Zor kullanarak bazı göstericileri topluluğun içinden ayırmayı da gerektirebilir.
Ama İstanbul’da o sınır aşılmış bulunuyor. Yere düşmüş, artık yapacak hiçbir şeyi kalmamış bir göstericiyi yerde tekme tokat, copla dövmek nasıl bir “yasal yetki” olabilir?
Bunun adına ben işkence diyorum, isterseniz siz daha hafif bir suç olsun diye “kötü muamele” de diyebilirsiniz.
Gözlerine biber gazı sıkılmış göstericileri, topluca bir otobüse doldurup, tıbbi yardımdan mahrum bir şekilde saatlerce karakol önünde bekletmek nasıl bir yasal yetki olabilir?
Savaşta bile yaralanan düşmana tıbbi yardım sağlamak insanlık görevidir. Ben buna da işkence diyorum, isterseniz siz yine hafifletmek için “kötü muamele” diyebilirsiniz.
İstanbul Emniyet Müdürü, tecrübeli bir polis yöneticisi! Ama öyle görünüyor ki o da bizim kamu yöneticilerimizin düştüğü en büyük hatadan kendisini kurtaramıyor: İşini doğru ve yasal sınırlar içinde kalarak yapamayan personeline sahip çıkıyor!
Siren ve tepe lambalı kamu araçları
CUMARTESİ günü resmi plakalı bir aracın emniyet şeridini de ihlal ederek, siren ve tepe lambasıyla vatandaşları taciz ettiğinden yakınmıştım.
İstanbul Trafik Denetleme Şube Müdürlüğü bu aracı buldu, araçtaki siren ve lambayı söktürerek, gerekli cezayı da sürücüsüne kesti. İlgilerine teşekkür ederim.
Bu vesileyle bu sorunu bir kez daha hatırlatayım.
İstanbul’da trafik zaten içinden çıkılmaz bir sorun ve kendini halktan daha üstün gören bazı kamu görevlilerinin araçları, yetkileri olmadığı halde emniyet şeritlerini ihlal ediyorlar, yasalara aykırı olarak siren ve tepe lambası kullanarak vatandaşı taciz ediyorlar.
Elbette İstanbul gibi bir kentte sınırlı sayıda trafik polisinin bunlarla tam anlamıyla mücadele edebilmesi zor! Çünkü aynı suçu işleyen sivil araçlar da var, polis hangi birini takip etsin?

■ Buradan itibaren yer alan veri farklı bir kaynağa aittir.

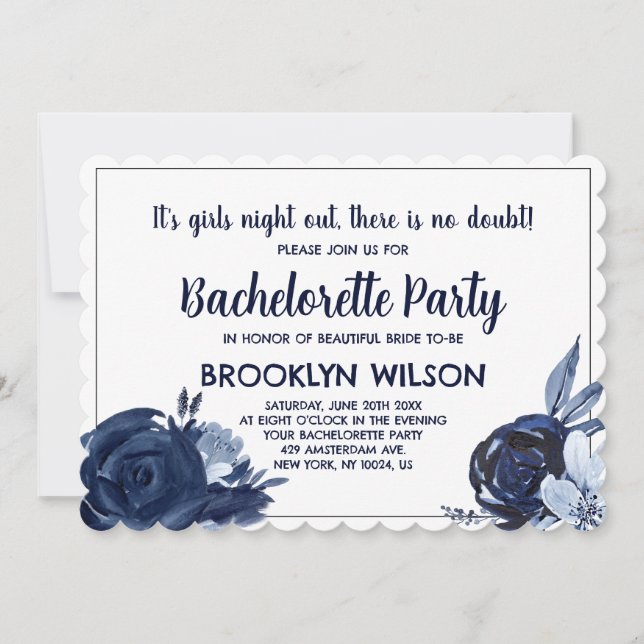Belle Bachelorette Bleue Invitations (Devant)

Kamu araçlarıyla ilgili sorumluluk, hiç kuşkusuz öncelikle bu araçların bağlı bulunduğu kurumların yöneticilerine ve o araçları kullanan kamu görevlilerine düşüyor.
Onlardan habersiz olarak bu araçlara siren ve tepe lambası takmak kimin haddine? İçinde bir amir bulunurken bunları kullanmaya cesaret etmek de öyle!
O araçların sürücülerine, kamu görevlilerinin birinci işlerinin vatandaşın hayatını kolaylaştırmak olduğunu hatırlatmak, vatandaşı böyle taciz etmenin en azından “ayıp” olduğunu öğretmek öncelikle onların işi.
Böyle araçlara rastladığınızda plakalarını alarak 154 numaralı trafik hattına bildiriniz ki polisin de işini kolaylaştırmış olalım.